As a recurring actress on the series, Procter is in a difficult position: Wait around to be called for work on a show she loves or take jobs elsewhere.

"As soon as my initial four-episode arc aired last year, I started getting a lot of other job offers that I sidestepped and politely declined," she said. "I would love to do that forever, but who knows if Ainsley will recur as often as she did this year. At some point you do want to have more work because it is what you do."

Then Procter begins an analogy that shows Ainsley's adorable verbosity isn't foreign to her.

"I explain it to people this way," she began, laughter creeping into her voice. "It's as if I am a ninth-grader and a senior has asked me out. We've gone out and had a great time and the senior likes me but maybe not that much, so he calls me occasionally and I wait by the phone for him to call me. But one day my parents look at me and say, 'You've got to date other people, this just isn't healthy.' That's kind of how I look at it. One day I may have to say I just need a real boyfriend. I need someone I know is going to take me to the prom."

By now the laughs -- by both interviewer and interviewee -- have reached a crescendo.

"I am in my own co-dependent relationship with 'The West Wing' that nobody knows about but me," she said.

The thirtysomething Procter was born and raised in Raleigh, N.C., and attended East Carolina University, graduating with a degree in journalism and dance. She worked as a weathercaster at WITN-TV in Greenville, N.C., but not long after graduation moved to Los Angeles to pursue an acting career.

Prior to "West Wing" she had small roles in "Leaving Las Vegas" and "Jerry Maguire," before landing larger roles in the HBO movie "Breast Men" and the feature film "Body Shots."

Now she's adapting to life in the public eye. Yesterday a crew from InStyle magazine was in her house for a photo shoot.

"It's this new thing where you talk about your home and wear overly dramatic clothes and lounge around," Procter said. "At one point I was wearing this gown -- it was such a great dress -- and I don't like having my picture taken, I'm not good at it. I can smile at the camera if my mom is holding it, but other than that, I have no real talent. And every picture they're taking, they're saying, 'Oh, that's great, Emily,' and I said, 'You know, it's the dress, right? You know it's not me.' And at that moment I decided I should own that dress and lounge around the house in it when I'm not feeling attractive."

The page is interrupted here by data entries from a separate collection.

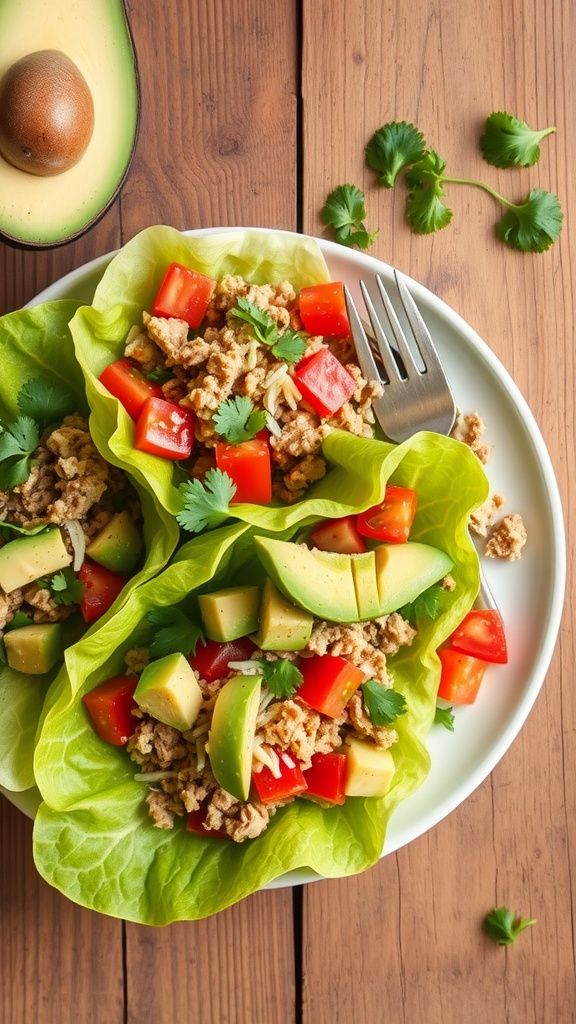 Turkey taco lettuce wraps with diced tomatoes and avocado on a plate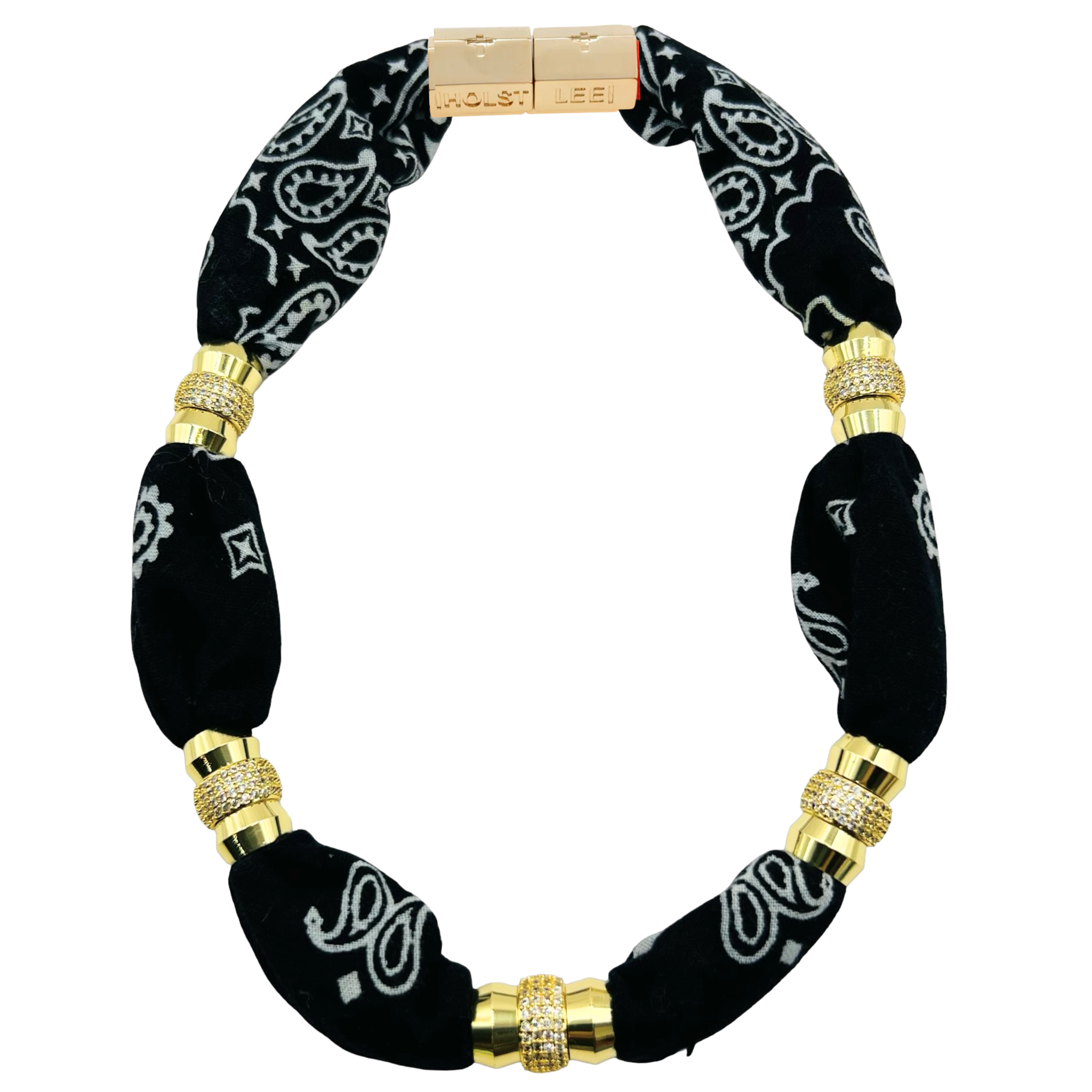 BandanaNecklace-Black, signature magnetic clasp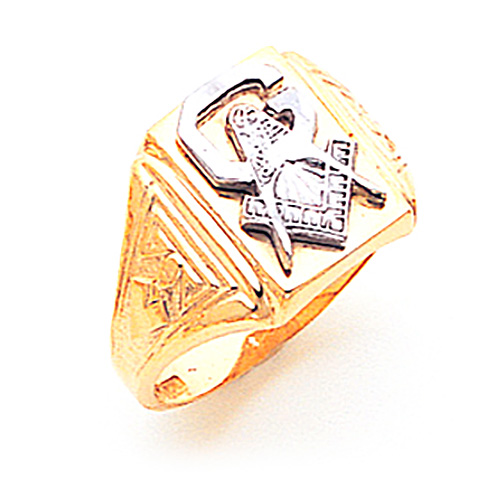 14k Two-tone Gold Rectangle Signet Masonic Ring with Oversize G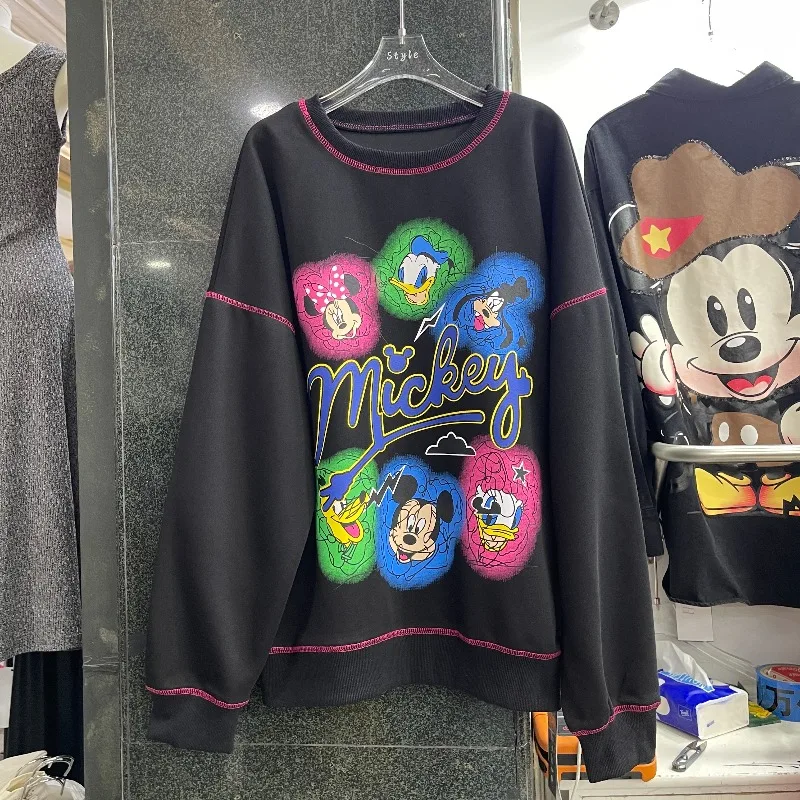 2025 New Autumn Cartoon Top Sweatshirt For Women's American Style Pullover Youthful Loose Top Hoodies Jacket 4 Colors Available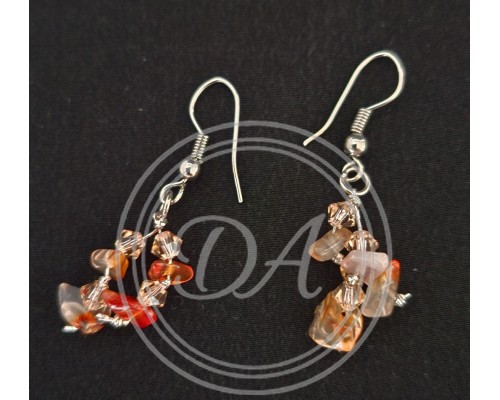 Ear hooks with agate and crystal beads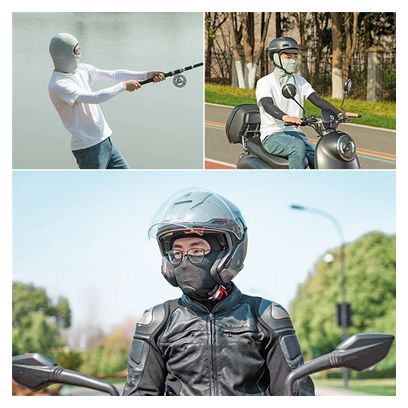 Cagoule balaclava de cyclisme noire sans ouverture pour lunettes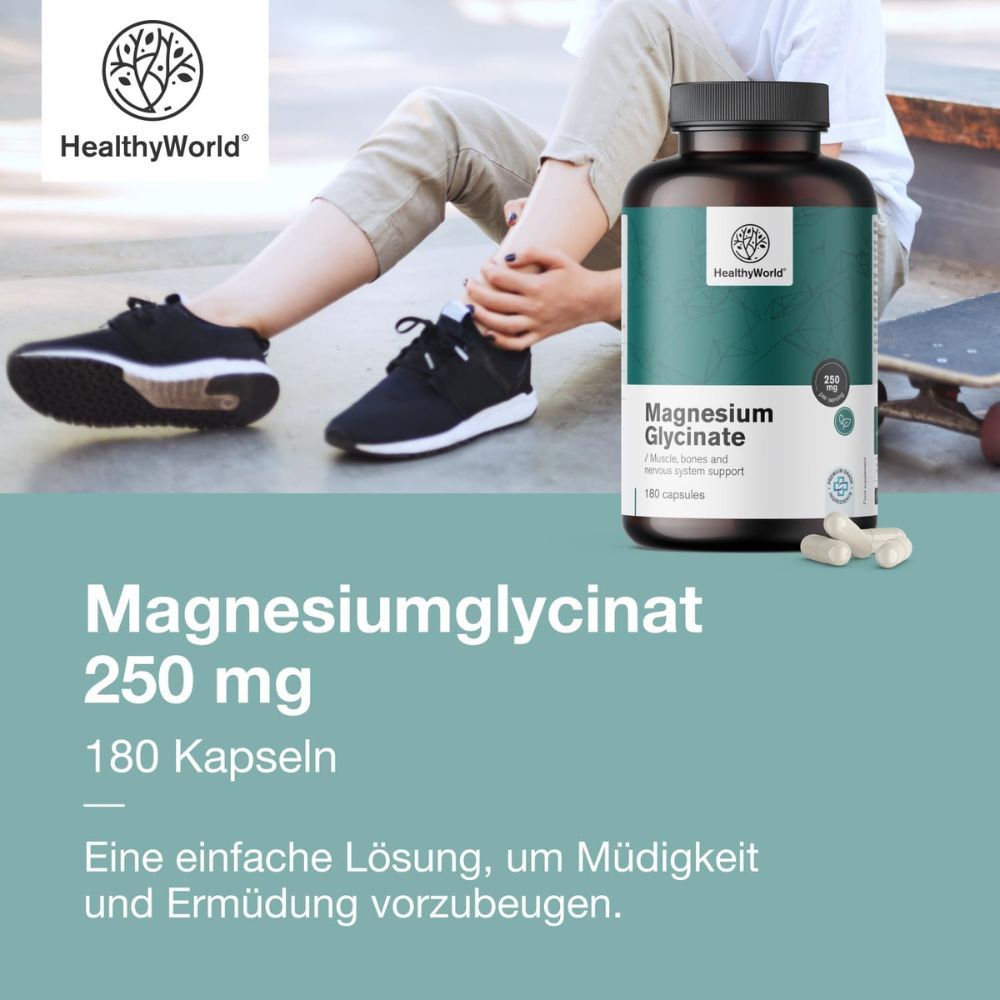 Person sitzt auf einem Skatepark. Flasche Magnesiumglycinat, 250 mg, 180 Kapseln. Marke: HealthyWorld.
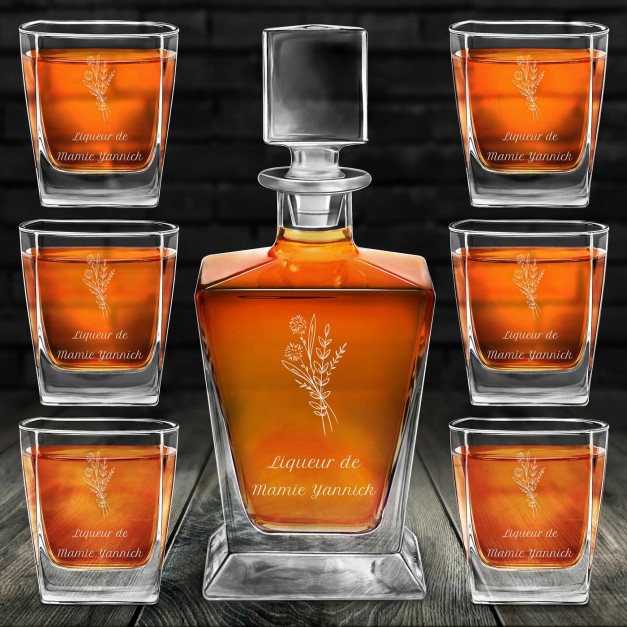 Carafe à whisky Pyramid et 6 verres avec gravure pour grand-mère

In addition to welcoming photographers into her home and calling newspaper reporters for interviews, Procter has found herself chatting with real-life political figures. Ethel Kennedy invited "West Wing" cast members to Hickory Hill, her home in McLean, Va., for a fund-raiser for the Robert F. Kennedy Memorial Fund.

Recently she also accepted an award on behalf of "The West Wing" from Women Against Gun Violence, "which is also very interesting in that I play the Republican on the show."

Procter said she doesn't always agree with Ainsley's stance on issues, but other times she does.

"I'm a true independent and that only helps me socially with 'The West Wing' because I can always find someone in the room I agree with, and it helps with Ainsley," she said. "I love that Ainsley is so fair and that on the show both sides are represented. It reminds us that at the end of the day, we all play for the same team. Whether or not we choose to make the same moves, we're all on the same side. Aaron wrote one of the best lines that Leo said in the first episode I was in: 'We should practice tolerance toward those who disagree with us.' "

Few will disagree about the power "The West Wing" has on its most ardent fans, Procter among them.

"I'll be watching tonight," she said, "with the other ninth graders who don't know what's going on."